All Java examples (E10–E40) use Spring-style deployment profiles:

| Profile | Bootstrap server | Use case |
|---------|-----------------|----------|
| `default` | `localhost:39092` | Local development |
| `cluster` | `kafscale-broker:9092` | In-cluster Kubernetes |
| `local-lb` | `localhost:59092` | Remote via load balancer |

Activate a profile with `--spring.profiles.active=cluster` or the `SPRING_PROFILES_ACTIVE` environment variable.

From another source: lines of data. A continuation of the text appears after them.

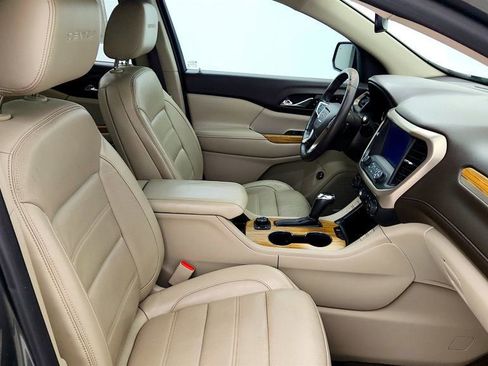 Used 2017 GMC Acadia Denali w/ Technology Package FWD image 23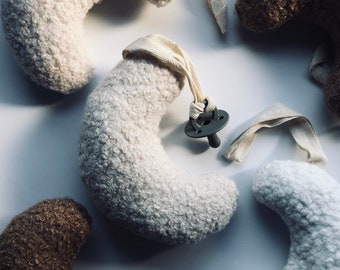 Teddy Moon Pacifier Holder, Sherpa Stuffed Moon for Nursery, Paci Holder, Toy Paci Holder, Baby Gifts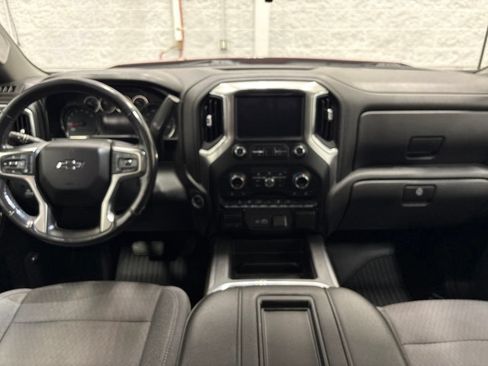 Used 2020 Chevrolet Silverado 1500 LT Trail Boss AWD/4WD image 13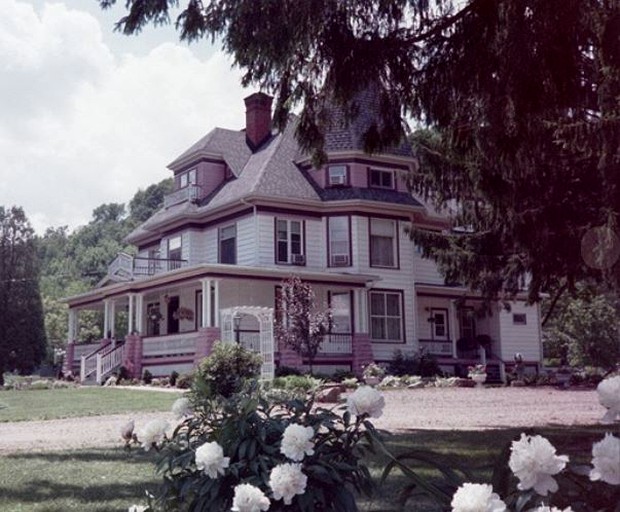 The Gallets House B&B, Nature Lodges 42712, Allegany, United States of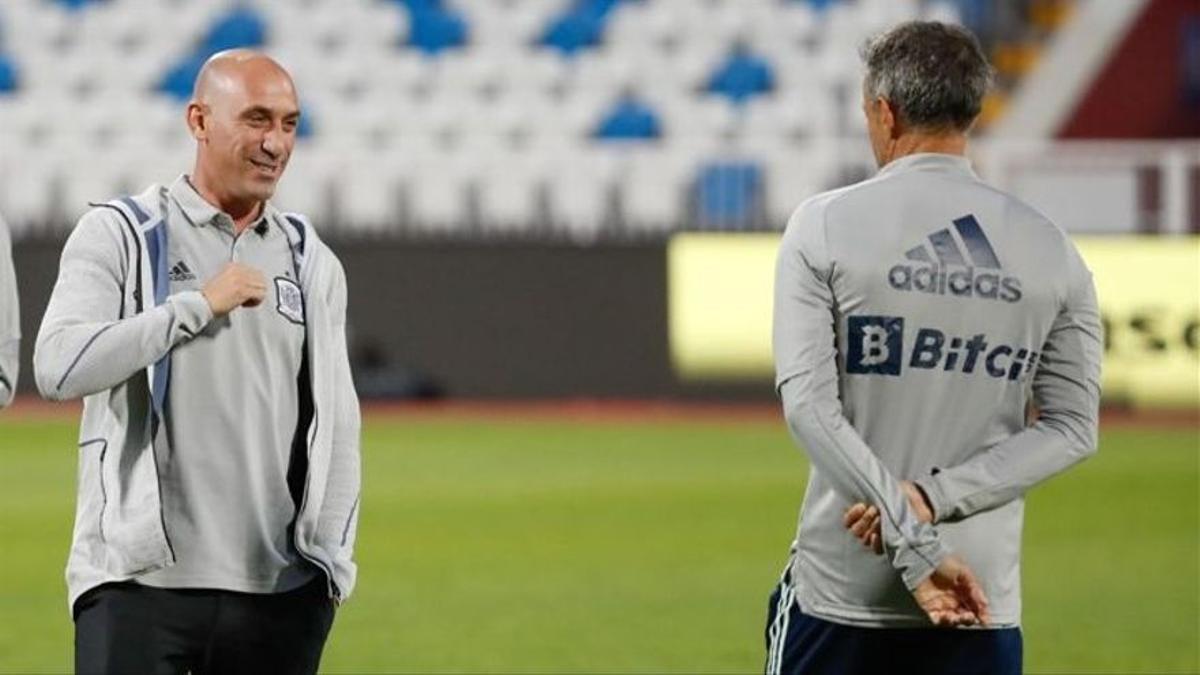 Rubiales charla con Luis Enrique en el entrenamiento de este martes.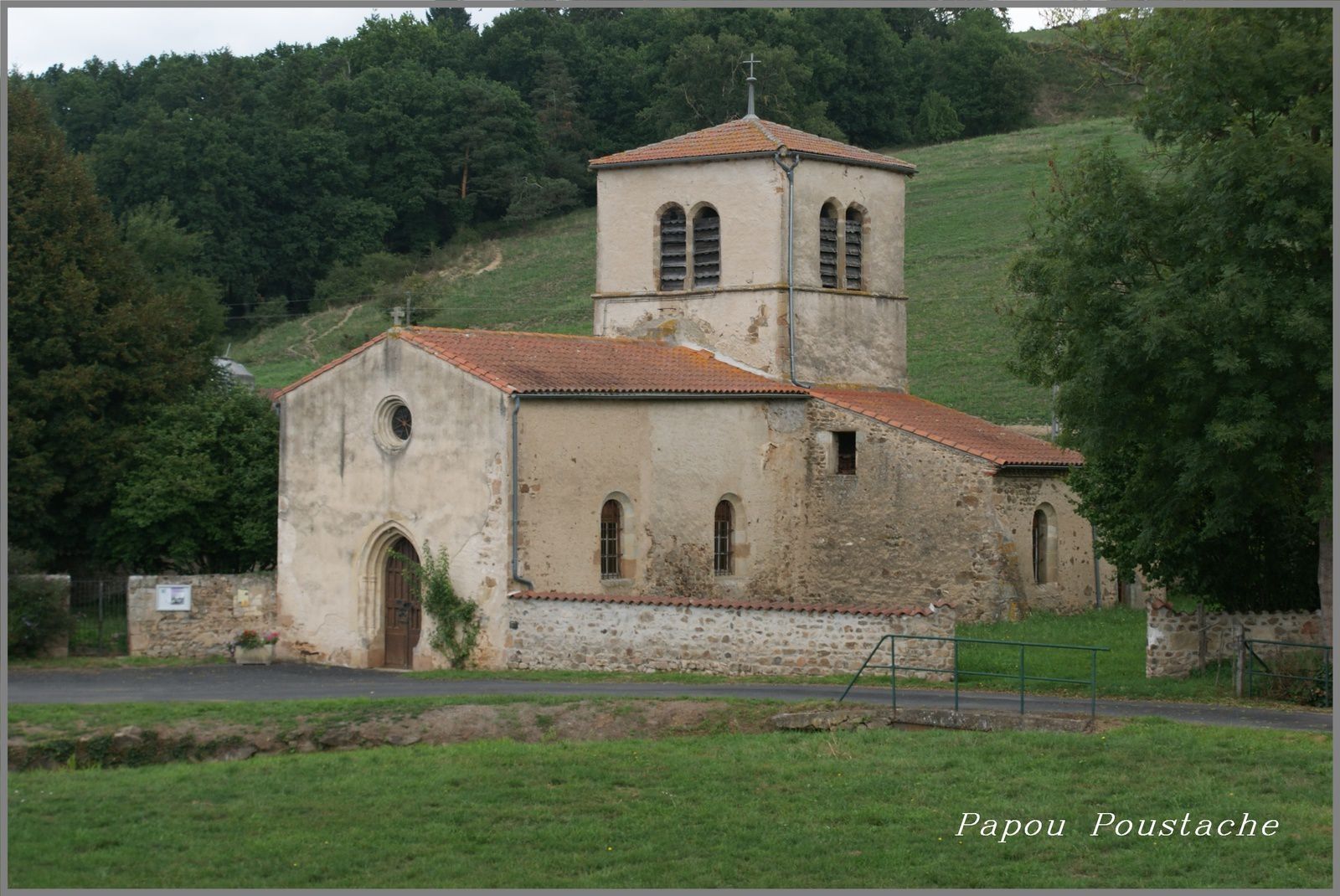 Saint Jean en Val - L'Auvergne Vue par Papou Poustache
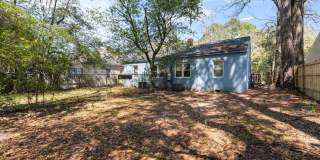Charming Duplex Near Daffin Park with Private Fenced Yard and Off-Street Parking Gallery 20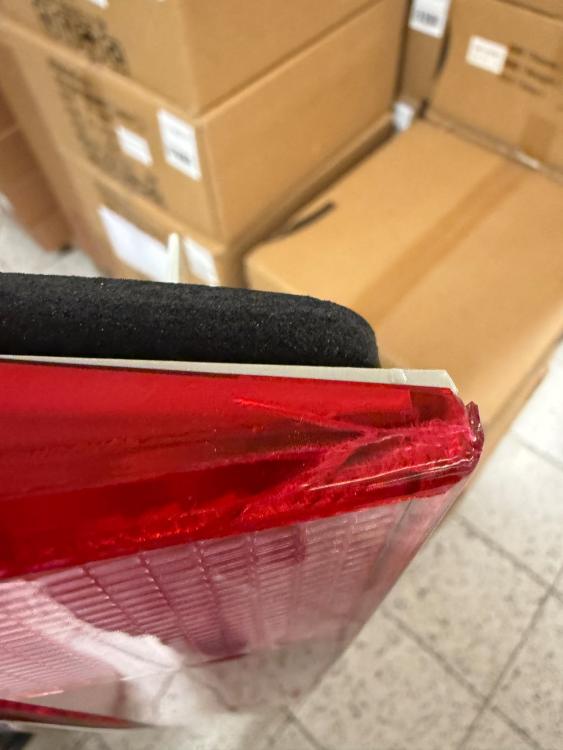 B-Ware  Exklusiv Classic-Sport Design Rückleuchten "V2" passend für BMW 3er E30 Vorfacelift 81-87 Limo, 2-Türer (Coupe) rot/slighty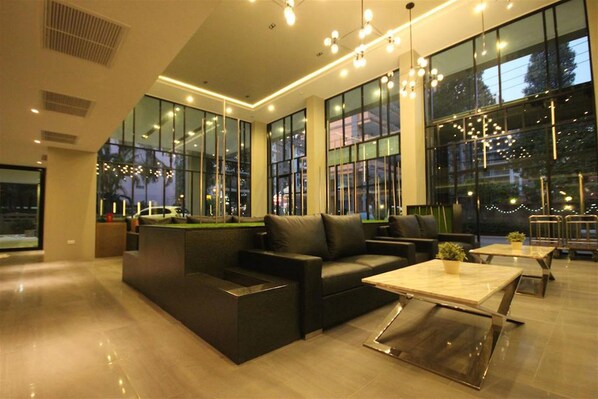 Lobby sitting area - Season Five Hotel (Pattaya)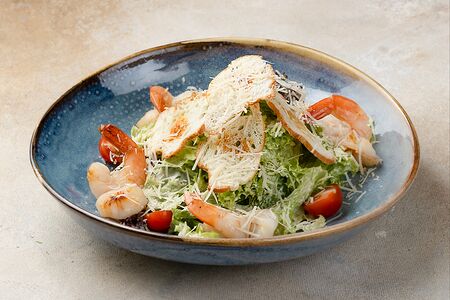 Салат Цезарь с креветкой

Environment variables common across examples:

| Variable | Default | Description |
|----------|---------|-------------|
| `KAFKA_BOOTSTRAP_SERVERS` | `127.0.0.1:39092` | Kafka/KafScale broker address |
| `KAFKA_TOPIC` | *(varies by example)* | Target topic name |

---

## Developer guide

The [`101_kafscale-dev-guide/`](https://github.com/KafScale/platform/tree/main/examples/101_kafscale-dev-guide) contains an 8-chapter written guide covering:

1. **Introduction** — what KafScale is, architecture overview, limitations
2. **Quick Start** — run the local demo with `make demo`
3. **Spring Boot Configuration** — configure your application for KafScale
4. **Running Your Application** — platform demo walkthrough
5. **Troubleshooting** — common issues and fixes
6. **Next Steps** — production deployment guidance
7. **Flink Word Count Demo** — stream processing with Flink (E30)
8. **Spark Word Count Demo** — stream processing with Spark (E40)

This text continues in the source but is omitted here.